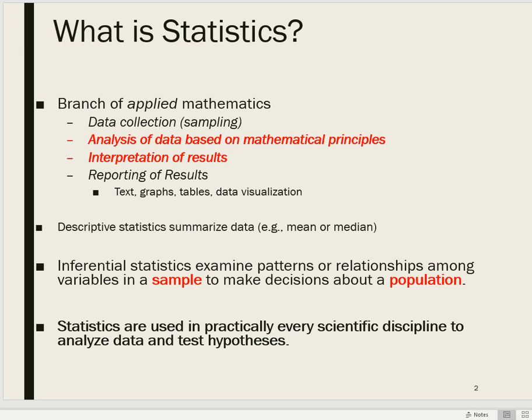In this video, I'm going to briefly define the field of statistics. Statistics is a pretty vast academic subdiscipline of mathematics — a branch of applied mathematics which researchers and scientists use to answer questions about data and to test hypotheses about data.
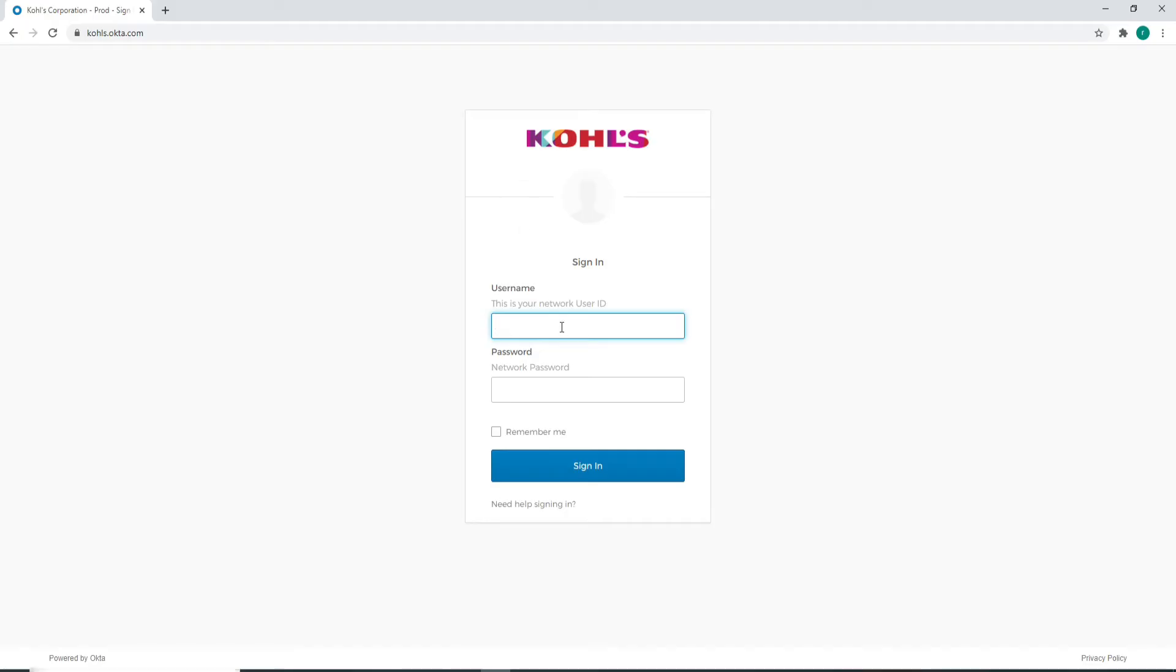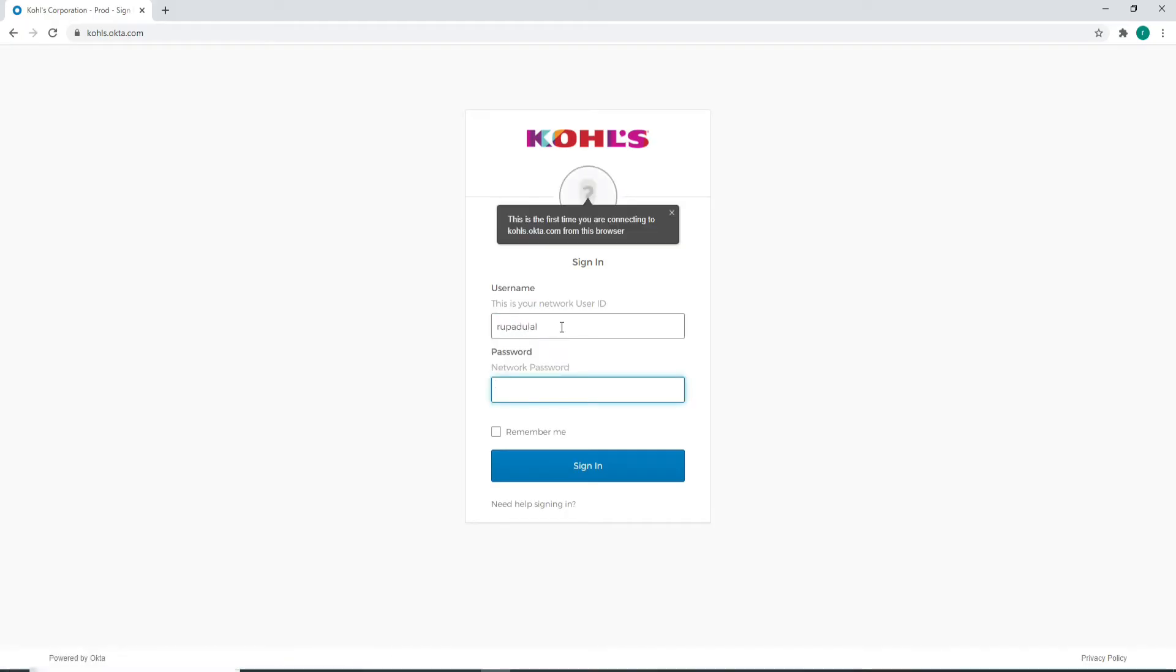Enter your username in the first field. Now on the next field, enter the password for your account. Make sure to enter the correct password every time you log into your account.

━━━

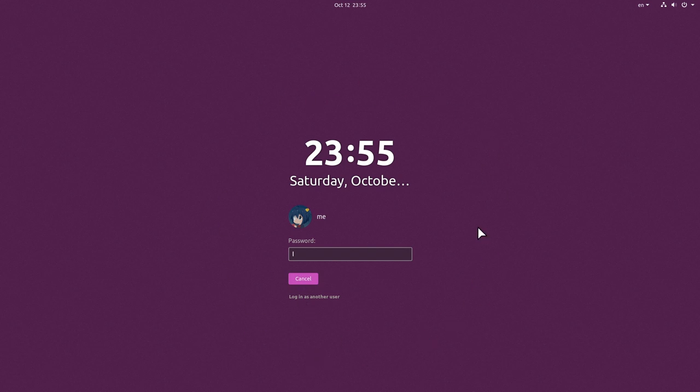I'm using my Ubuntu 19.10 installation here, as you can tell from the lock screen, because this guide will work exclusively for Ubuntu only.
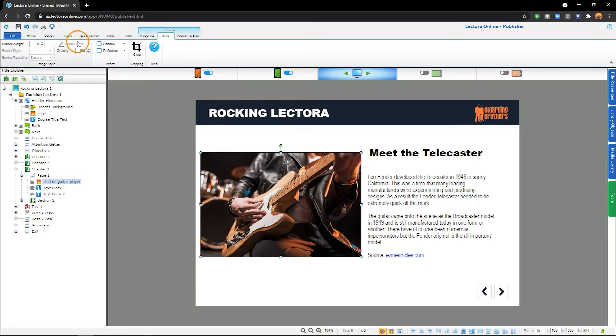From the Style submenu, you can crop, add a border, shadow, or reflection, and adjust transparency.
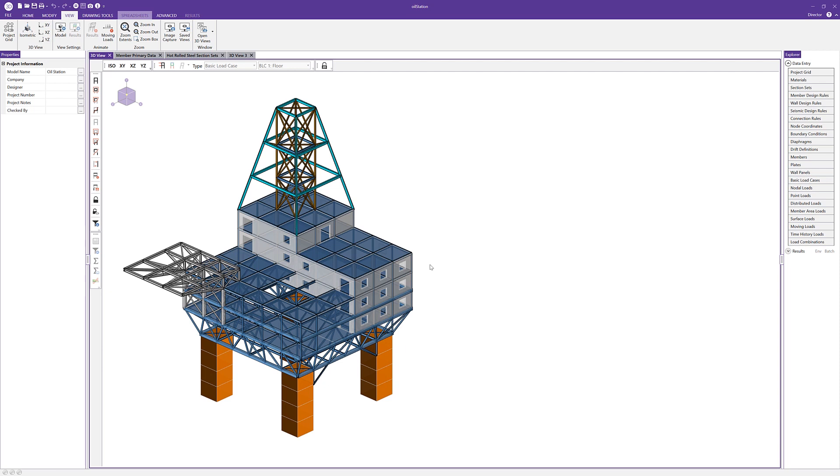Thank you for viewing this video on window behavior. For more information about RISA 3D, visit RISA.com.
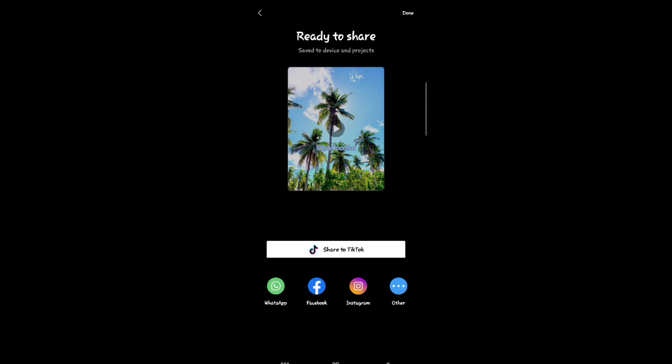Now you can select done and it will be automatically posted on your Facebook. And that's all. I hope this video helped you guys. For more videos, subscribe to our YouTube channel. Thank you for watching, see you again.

━━━

Your objective: Copy word for word the lines of the records above from the one with "In this video, I'm" up to and including the one with "Enter your username". Skip the pictures.

Solution for this problem:
In this video, I'm going to briefly define the field of statistics. Statistics is a pretty vast academic subdiscipline of mathematics — a branch of applied mathematics which researchers and scientists use to answer questions about data and to test hypotheses about data.
Enter your username in the first field. Now on the next field, enter the password for your account. Make sure to enter the correct password every time you log into your account.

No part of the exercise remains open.